🎯 场景:给一段代码(函数/方法/类)生成测试用例,按 happy path / 边界 / 异常 / 错误处理分类。每个测试自带"为什么测这个"的理由。适合 PR 自审、增加测试覆盖率、教学场景。
Quick Use
Use when: You want to generate test cases for a function or class with explicit coverage of happy path, edge cases, and error handling. Fill in: {{source_code}} = the code to test; {{language_hint}} = optional language + test framework; {{coverage_focus}} = optional priorities. You'll get: A categorized list of test cases each with input, expected output, rationale, and priority. Output is JSON.
Purpose
Generate test cases for a function or class, organized by category (happy path, edge cases, error handling, boundary conditions, regressions) with explicit rationale for why each test exists. Used for PR self-review, raising test coverage on legacy code, and teaching new engineers what "good test coverage" looks like for a given piece of logic. Output is structured so each test can be filtered, prioritized, or fed into an automated test-writer.

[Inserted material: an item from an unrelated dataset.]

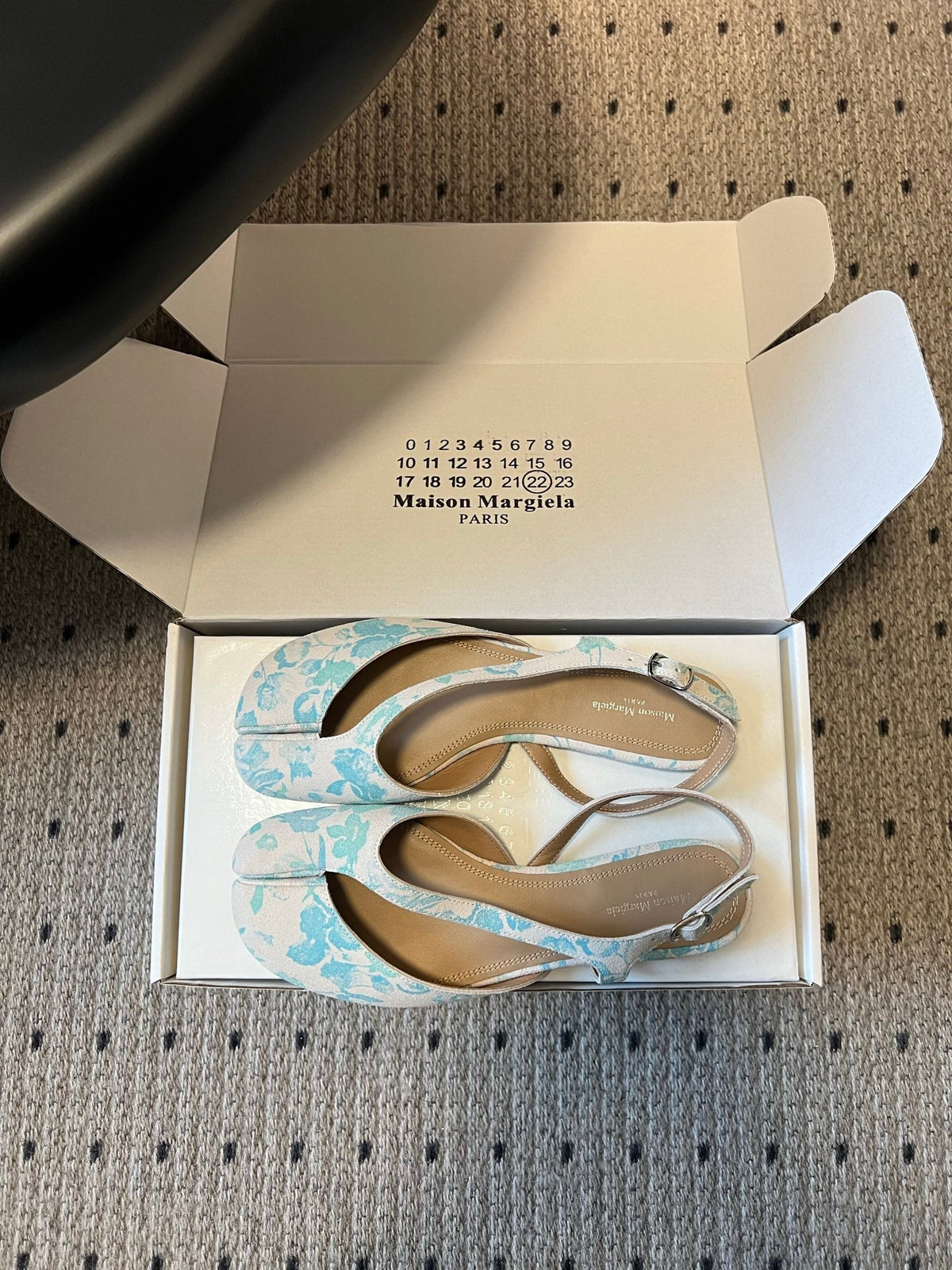 Maison Margiela Tabi Slingback Blue Floral Print Suede 803542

This card produces test specifications (input, expected output, rationale), not the test code itself. Generate the actual test syntax separately, or chain with a code-generation prompt that takes these specs as input.
Prompt
You generate test cases for a piece of code. Goal: produce a
categorized list of tests covering happy path, edge cases, error
handling, and boundary conditions, with rationale for each.
Source code:
{{source_code}}
Language and test framework hint (may be empty):
{{language_hint}}
Coverage focus (may be empty; if empty use a balanced set across all
categories):
{{coverage_focus}}
Categories:
- happy_path : Normal expected inputs producing expected
outputs.
- edge_cases : Unusual but valid inputs (empty collections,
single-element, max/min values, null where
permitted).
- error_handling : Invalid inputs that SHOULD raise / return
error (wrong types, out-of-domain values).
- boundary_conditions : Off-by-one territory (n vs n-1 vs n+1, first
and last elements, exactly-at-threshold).

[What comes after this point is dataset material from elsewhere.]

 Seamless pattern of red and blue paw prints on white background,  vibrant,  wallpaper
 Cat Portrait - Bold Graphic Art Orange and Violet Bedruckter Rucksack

- regressions : Tests for known prior bugs in this code,
inferred from comments or visible patterns.
Rules:
1. Generate 4-12 test cases total. Fewer is better when the code is
small.
2. Each test must have a CONCRETE input and a CONCRETE expected
output (or expected exception type). "Some valid input" is not
acceptable.
3. The `rationale` MUST name what the test exercises beyond what
prior tests in the list cover. Don't generate two tests for the
same condition.
4. If the code's behavior is genuinely ambiguous on some input, set
`expected_output: "undefined behavior"` and explain in `rationale`.
5. Do NOT invent functions or APIs the source code doesn't show.

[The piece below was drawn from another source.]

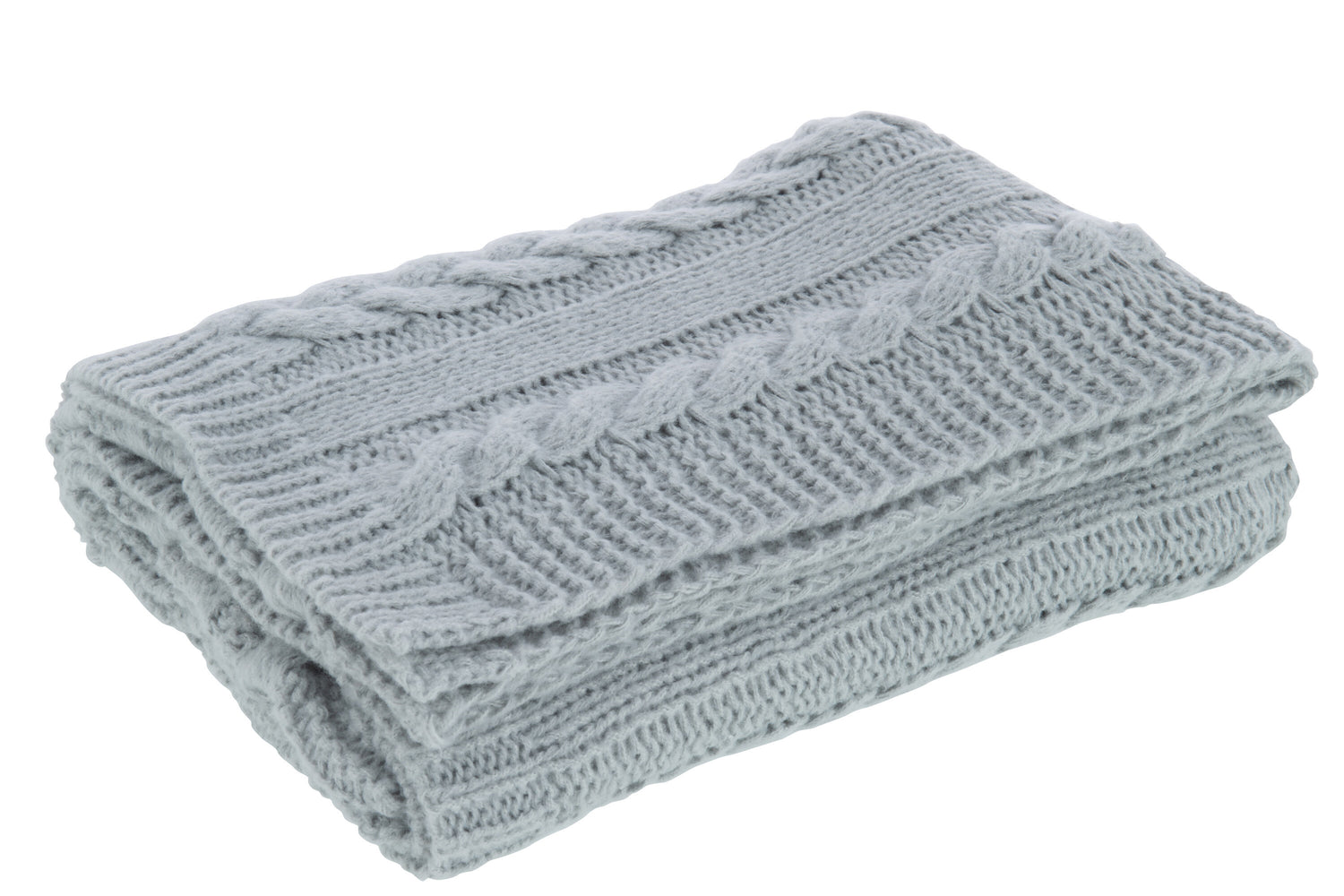 J-line - Plaid Twist Polyester Grijs - 130x180x3cm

Return ONLY this JSON object:
{
"tests": [
{
"id": "t1",
"category": "<one of the five>",
"name": "<short snake_case identifier for this test>",
"input": "<concrete input value(s) — primitives written as JSON; complex inputs described compactly>",
"expected_output": "<concrete expected return value, OR exception type and message hint, OR 'undefined behavior'>",
"rationale": "<one sentence: what this test specifically exercises>",
"priority": "high" | "medium" | "low"
}
/* 4-12 entries */
],
"coverage_summary": {
"happy_path": <integer count>,
"edge_cases": <integer count>,
"error_handling": <integer count>,
"boundary_conditions": <integer count>,
"regressions": <integer count>
},
"untested_aspects": ["<aspect of the code not covered by these tests, e.g. 'thread safety', 'I/O failures'>"],
"decision_basis": "<one sentence, <=30 words, no internal CoT>"
}Example
Input:
source_code: |
def safe_divide(a, b, default=0):
"""Divide a by b, returning default on division by zero."""
if b == 0:
return default
return a / b
language_hint: "Python with pytest"
coverage_focus: ""Expected output:
{
"tests": [
{"id": "t1", "category": "happy_path", "name": "positive_integers", "input": "a=10, b=2", "expected_output": "5.0", "rationale": "Verifies normal division of positive integers.", "priority": "high"},
{"id": "t2", "category": "happy_path", "name": "negative_dividend", "input": "a=-10, b=2", "expected_output": "-5.0", "rationale": "Verifies sign propagation through normal path.", "priority": "medium"},
{"id": "t3", "category": "error_handling", "name": "division_by_zero_default", "input": "a=10, b=0", "expected_output": "0", "rationale": "Verifies the safe-by-default behavior — the core feature of this function.", "priority": "high"},
{"id": "t4", "category": "error_handling", "name": "division_by_zero_custom_default", "input": "a=10, b=0, default=-1", "expected_output": "-1", "rationale": "Verifies that the custom default is honored on division by zero.", "priority": "high"},
{"id": "t5", "category": "boundary_conditions", "name": "zero_dividend", "input": "a=0, b=5", "expected_output": "0.0", "rationale": "Verifies zero-as-input goes through normal path, not zero-default.", "priority": "medium"},
{"id": "t6", "category": "edge_cases", "name": "float_inputs", "input": "a=1.5, b=0.5", "expected_output": "3.0", "rationale": "Verifies the function handles float inputs (the type hint is implicit).", "priority": "low"}
],
"coverage_summary": {
"happy_path": 2,
"edge_cases": 1,
"error_handling": 2,
"boundary_conditions": 1,
"regressions": 0
},
"untested_aspects": ["very large numbers (overflow behavior is implicit float behavior)", "type errors on non-numeric inputs"],
"decision_basis": "Six tests covering normal division, sign handling, the safe-zero behavior with default and custom defaults, and zero-as-input boundary."
}Failure Modes
- Vague inputs —
input: "some valid number". The rubric forbids this; reject any test where input is non-concrete. - Duplicate coverage — two tests labeled differently but exercising the same condition. The
rationalefield surfaces this; if you see two rationales describing the same behavior, drop one. - Hallucinated APIs — test calls a method the source code doesn't expose. Validate test inputs against the source's signature.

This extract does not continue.